Hacker News

carsongross · on Feb 25, 2012

I lose money when Heroku is down, and let me say this: Heroku is a f$(king miracle, and you'll pry our apps cold, dead fingers off of their stack.

They screwed up. They'll fix it. Any ops team and hosting solution I could hire for a comparable amount of money wouldn't even come close.

matt2000 · on Feb 25, 2012

Just out of interest sake what are people doing as a backup to heroku, and is failover automatic or do you have to make DNS changes?

jvehent · on Feb 25, 2012

DNS changes does not provides high availability at all. Even with a ttl of 60 seconds, if a cache decides to overwrite your TTL, you're screwed.

Real high availability comes with a price: redundant datacenter with BGP failover.

imbriaco · on Feb 25, 2012

While BGP is certainly better, the vast majority of DNS servers honor TTL nicely these days. In the old days, there used to be many problems, but I have been shocked at how well DNS failover has worked in the past few years.

pors · on Feb 25, 2012

How does that work? If you have a link explaining it a bit that would be great! (a Google search shows me all sorts of solutions for ISPs, but not for application hosting).

edouard1234567 · on Feb 25, 2012

Got to love their last two updates. Spot the difference :).

UPDATE: Process management error rates remain high. Engineers are continuing to investigate and work towards a resolution. FEB 25, 2012 – 20:27 UTC – 10 MINUTES AGO

UPDATE: Process management error rates remain high. Engineers are continuing to investigate and resolve the issue. FEB 25, 2012 – 20:11 UTC – 26 MINUTES AGO

jared314 · on Feb 25, 2012

Sounds normal. They have nothing to add, but they have to say something.

wilfra · on Feb 25, 2012

I believe what he meant was that the first update implied that they had identified the problem and were fixing it ("continuing to investigate and resolve the issue.") - the second implied they were still looking for the problem ("continuing to investigate and work towards a resolution.").

Subtle but important difference.

mechanical_fish · on Feb 25, 2012

Having once been one of the engineers in charge of fixing problems very similar to these... don't read too much into the subtleties of the phrasing of these customer notices. ;)

They all translate to: "The engineers' hair is still on fire and they continue to have no time to tell me exactly why."

dholowiski · on Feb 25, 2012

Yet another reminder that well services like heroku are great, its up to you to make sure you have the appropriate redundancy in place to make sure your critical app doesn't go down. If you host anything critical on heroku, you _need_ a backup server elsewhere (not ec2!)

lukev · on Feb 25, 2012

But doesn't that defeat the whole point of Heroku? If your app is running redundantly elsewhere, that means that you've already done all the work to set up the stuff that Heroku normally provides. And if you've already done that work, why use Heroku at all?

wilfra · on Feb 25, 2012

This is true.

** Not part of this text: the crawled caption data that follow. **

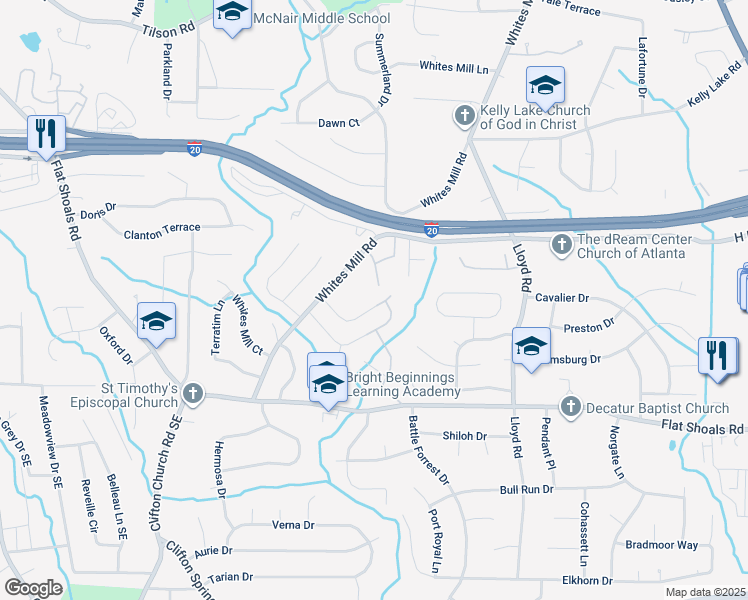 map of restaurants, bars, coffee shops, grocery stores, and more near 2432 Whites Ridge in Decatur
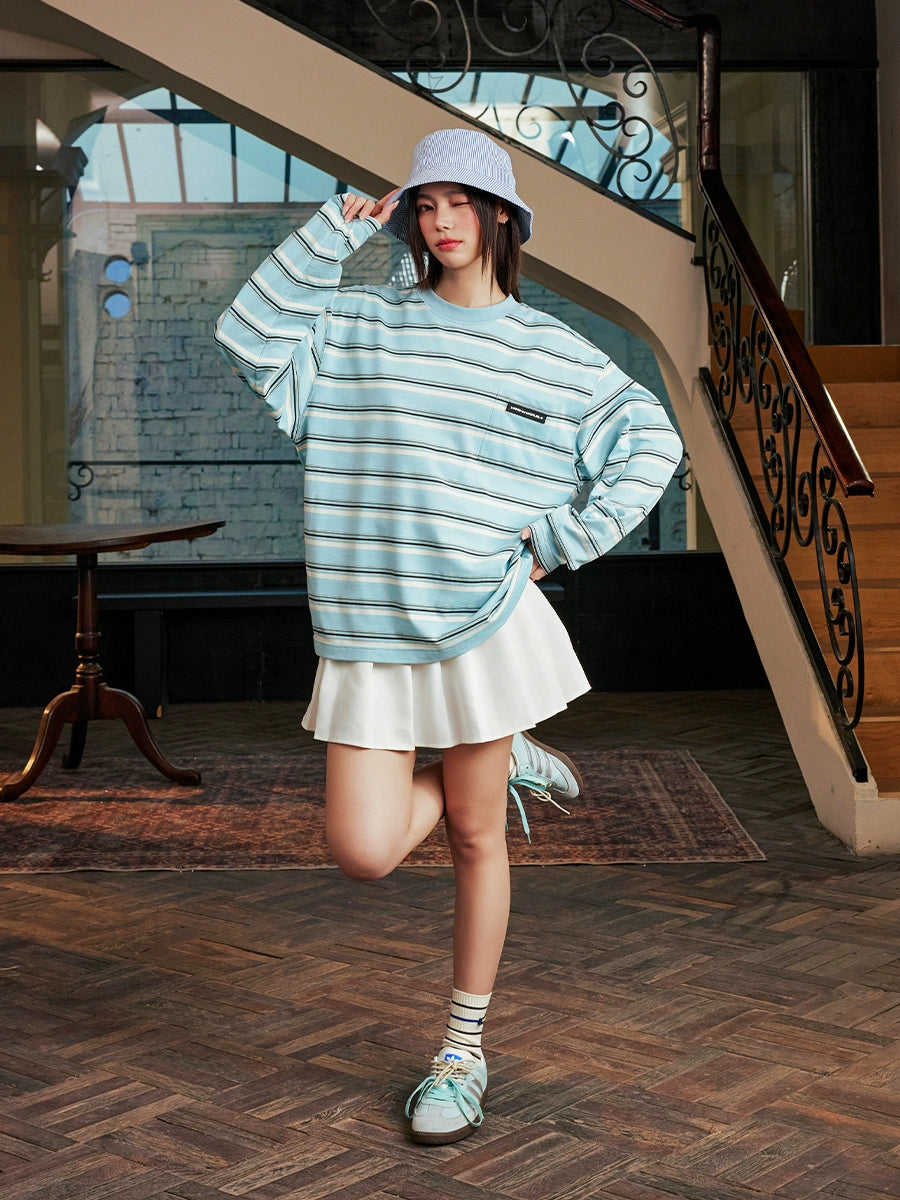 Harsh and Cruel Striped Pocket Long Sleeve Tee | Face 3 Face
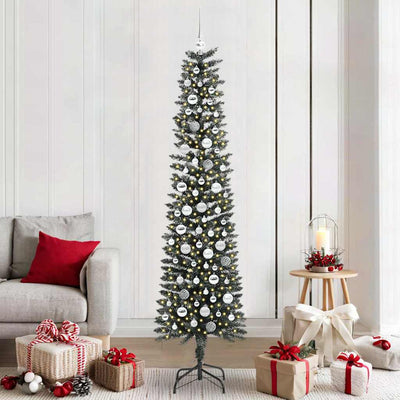 VidaXL künstlicher Weihnachtsbaum mit 300 LEDs grün, 210 cm PVC und Kunststoff und Stahl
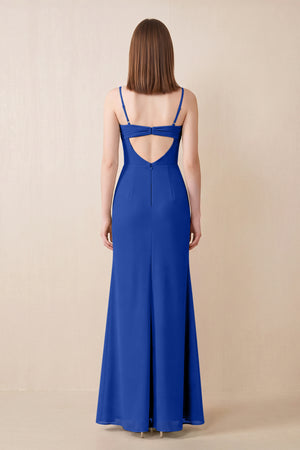 Cami Strap Chiffon Sheath Bridesmaid Dress with Slit in Royal Blue (2) | KISSBRIDAL
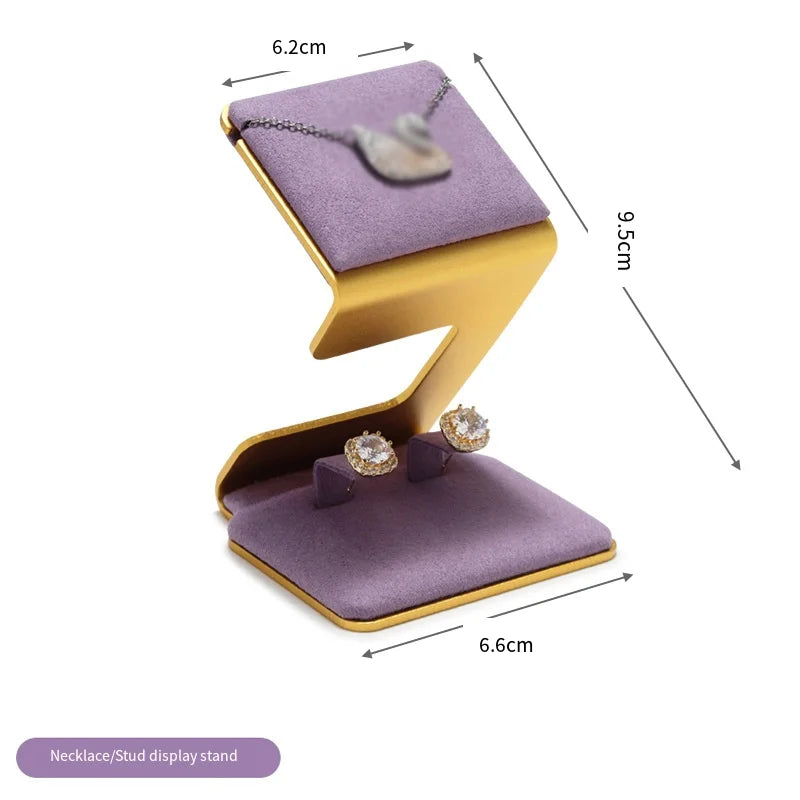 Metal Jewelry Display Stand ,Purple Velvet Organizer Props,Rings Necklaces Bracelets Holder for Trade Show,Store Window Storage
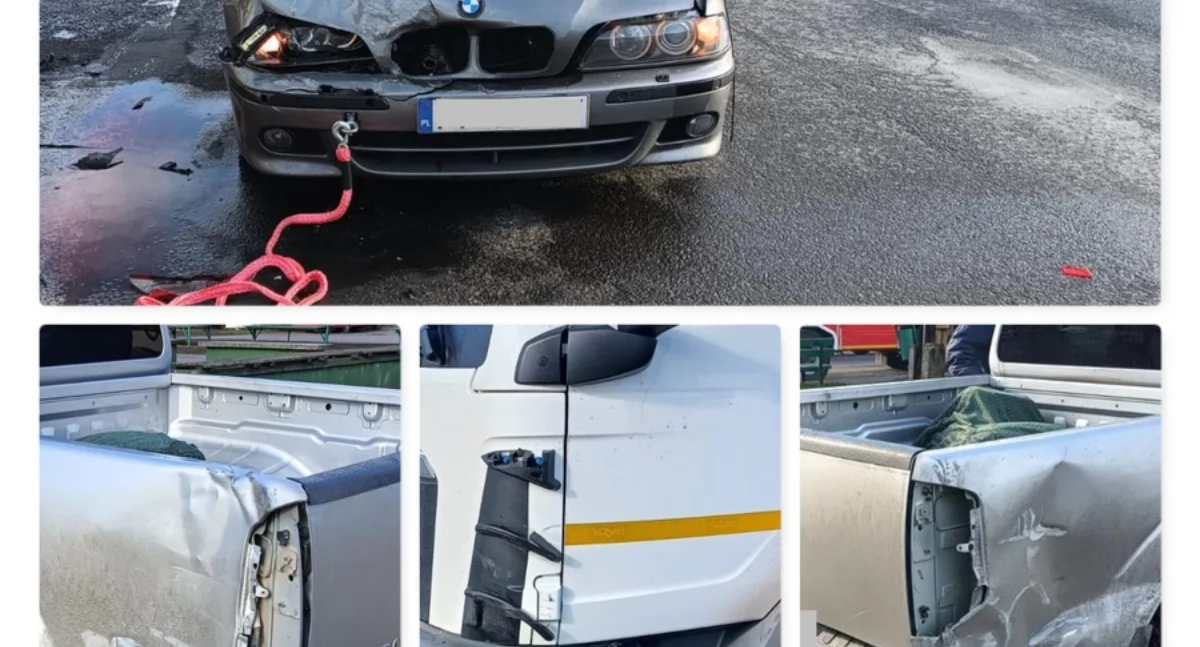 Zderzenie trzech aut w Piotrkowie Kujawskim – Nissan, BMW i ciężarówka w kolizji spowodowanej przez 48-latka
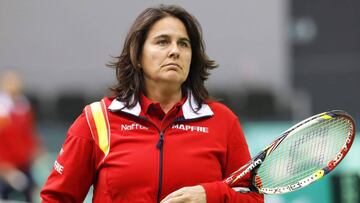 La capitana del equipo español de Copa Davis, la extenista Conchita Martínez.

Heroku needs to be redundant. This shouldn't happen on Heroku.

edouard1234567 · on Feb 25, 2012

I agree but we'll need to know more about caused this, hopefully they'll be a little more transparent than usual given the severity of this failure. In the meantime I have a new startup idea: Heroku failover cloud hosting.

imbriaco · on Feb 25, 2012

I am probably biased, since I wrote many of them, but I like to think Heroku has a pretty good reputation for writing meaningful public post-mortems when there are large scale outages. It's safe to give them the benefit of the doubt that they'll continue.

overworkedasian · on Feb 25, 2012

isnt heroku based on EC2? they should be able offer some type of redundant package for customers willing to pay for it. i mean, lets be serious, people WILL pay for it, assuming it works.

DannyPage · on Feb 25, 2012

Having this problem too. The thing that I'm worried about is that my site just keeps trying to load without any error message or 404 page appearing. Is there a way to get something to show up to inform users of the downtime?

(Or ideally, a way to point towards another instance of the site quickly. I'm worried the DNS wouldn't propagate fast enough)

wilfra · on Feb 25, 2012

Mine says:

Application Error An error occurred in the application and your page could not be served. Please try again in a few moments.

If you are the application owner, check your logs for details.

Stwerner · on Feb 25, 2012

Mine does too...eventually. It looks like it is taking ~15 seconds to bring that page up.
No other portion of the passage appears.